La convergence sur un marché oligopolistique : un nouveau défi pour la régulation

Le marché des communications électroniques présente une certaine maturité
de la concurrence, mais celle-ci est fragilisée par la concentration du secteur et
le développement des offres multiservices. Au risque de porter atteinte à la fluidité du marché, malgré l’arrivée de Free.

Par Katia Duhamel, avocat, cabinet Bird & Bird

Quinze ans après la libéralisation totale du secteur, le marché français des télécoms est passé d’une situation de monopole
à celle d’un oligopole avec les effets pervers attachés à ce type de situation. Et ce, notamment parce que les entreprises concernées préfèrent, en général, y conserver leur part de marché respective – c’est-à-dire leur aire d’influence, voire leur rente de situation – et par voie de conséquence leurs profits, plutôt que de se lancer dans une politique d’innovation ou de conquête fondée sur les prix.

Du monopole à l’oligopole
Dans l’intervalle, nous avons assisté à une courte récréation pendant laquelle le marché s’est atomisé autour d’un plus grand nombre d’acteurs aujourd’hui disparus, soit parce qu’ils n’ont pas survécu, soit parce qu’ils ont été absorbés par les opérateurs les plus solides dans le mouvement de consolidation observé depuis le milieu des années 2000 (1).
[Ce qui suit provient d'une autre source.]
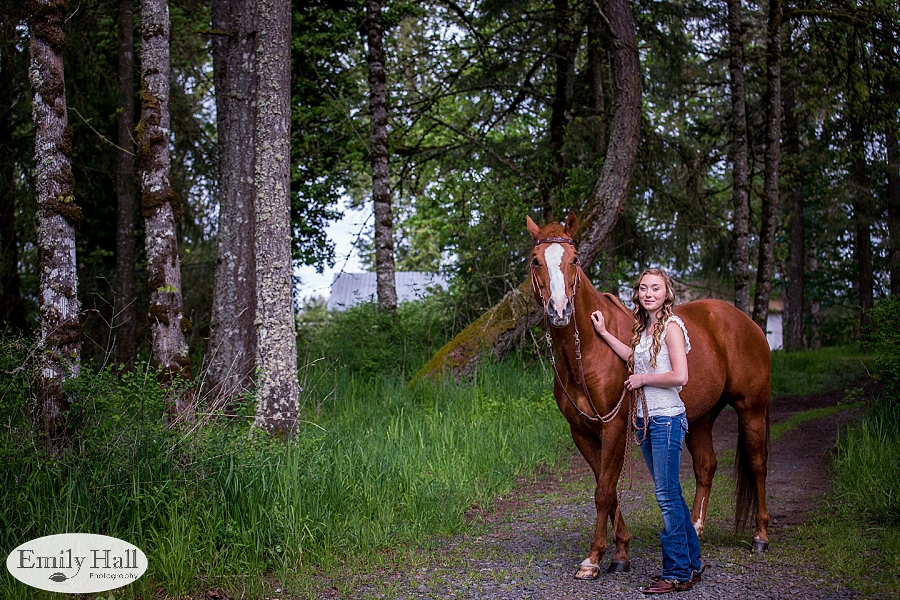 Aumsville Senior Portraits-1268.jpg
Cette tendance a été accentuée par le choix de régulation retenu en Europe, et en particulier en France. A savoir : ne pas séparer le réseau et les services des opérateurs historiques et privilégier la concurrence par les infrastructures. La réglementation
s’est donc concentrée sur les conditions de l’accès des opérateurs tiers aux réseaux historiques, tout en incitant à investir dans les infrastructures. En conséquence,
atteindre une taille critique au niveau local est devenu obligatoire afin d’effectuer les investissements requis dans le déploiement de nouveaux réseaux, en particulier en fibre optique, et acquérir des contenus attractifs. Cette politique a eu un relatif succès dans le fixe avec le dégroupage et elle a totalement échoué dans le mobile avec les MVNO (2). Enfin, elle a abouti a un effet prévisible : la consolidation du secteur sous forme d’un oligopole composé d’Orange, SFR et Bouygues qui, jusqu’à l’arrivé de Free, contrôlait plus de 90 % du marché mobile (3).
Les progrès de la technologie et le succès de la téléphonie mobile ont facilité l’entrée des opérateurs télécoms sur d’autres marchés que leur marché initial. La diversification de ces opérateurs sur des marchés connexes (4) conduit à un modèle de plus en plus répandu, celui d’« opérateur universel » qui est présent à la fois sur le marché fixe (téléphone, accès à Internet, distribution audiovisuel en IPTV (5)) et sur le marché mobile (téléphone, accès à Internet, services multimédias). Or, il est clair que cette évolution pourrait conduire soit à des distorsions de concurrence, soit a minima au verrouillage
de nombreux consommateurs découragés de changer d’opérateur au regard des coûts élevés qu’ils auraient à subir, en termes de pertes d’avantages, voire de pénalités dans l’hypothèse d’un tel changement.
Il n’est pas non plus inutile de souligner qu’aux pratiques de couplage commercial
(offres multiservices de type triple play ou quadruple play) et technique (femtocell,
cloud computing), les opérateurs peuvent ajouter des offres générant des « effets de
club » (offre on-net comme l’illimité au sein du réseau) et renforcer leur politique de fidélisation, pratiques venant elles aussi compromettre la fluidité du marché. L’Autorité
de la concurrence ne s’y est pas trompée lorsqu’elle a décidé, de sa propre initiative,
de rendre un avis en 2010 sur la question de l’utilisation croisée de bases de clientèle (dites de « cross selling ») et plus spécifiquement sur les effets possibles de ce type
de pratiques (6).

Vers l’opérateur universel
Ainsi, dans cet avis, le gendarme de la concurrence note que si « de façon générale, l’utilisation croisée des bases de clientèle et les offres de couplage sont bénéfiques pour les consommateurs (…), elles peuvent cependant produire des effets anticoncurrentiels lorsqu’elles sont utilisées par une entreprise en position dominante, agissant par effet de levier pour évincer ses concurrents ».
S’attachant plus particulièrement au cas d’Orange, en position dominante sur le marché du fixe, les sages de la rue de l’Echelle listent donc les inconvénients de la mise sur le marché d’offres de convergence – du moins précise-t-elle « tant que la situation restera bloquée sur le marché mobile » – et les risques d’accroître encore les coûts de changement d’opérateur pour le consommateur.
Il en va ainsi : des durées longues d’engagement et l’augmentation des services à
valeur ajoutée proposés (applications, téléchargements audio, vidéo ou de jeux, espace de stockage, …) sur le marché mobile ; de la crainte de voir l’accès Internet interrompu
à cause du délai de raccordement par le nouvel opérateur sur le marché de l’accès à Internet haut débit ; de la subsistance de difficultés s’agissant de la portabilité des numéros de téléphone de manière plus générale.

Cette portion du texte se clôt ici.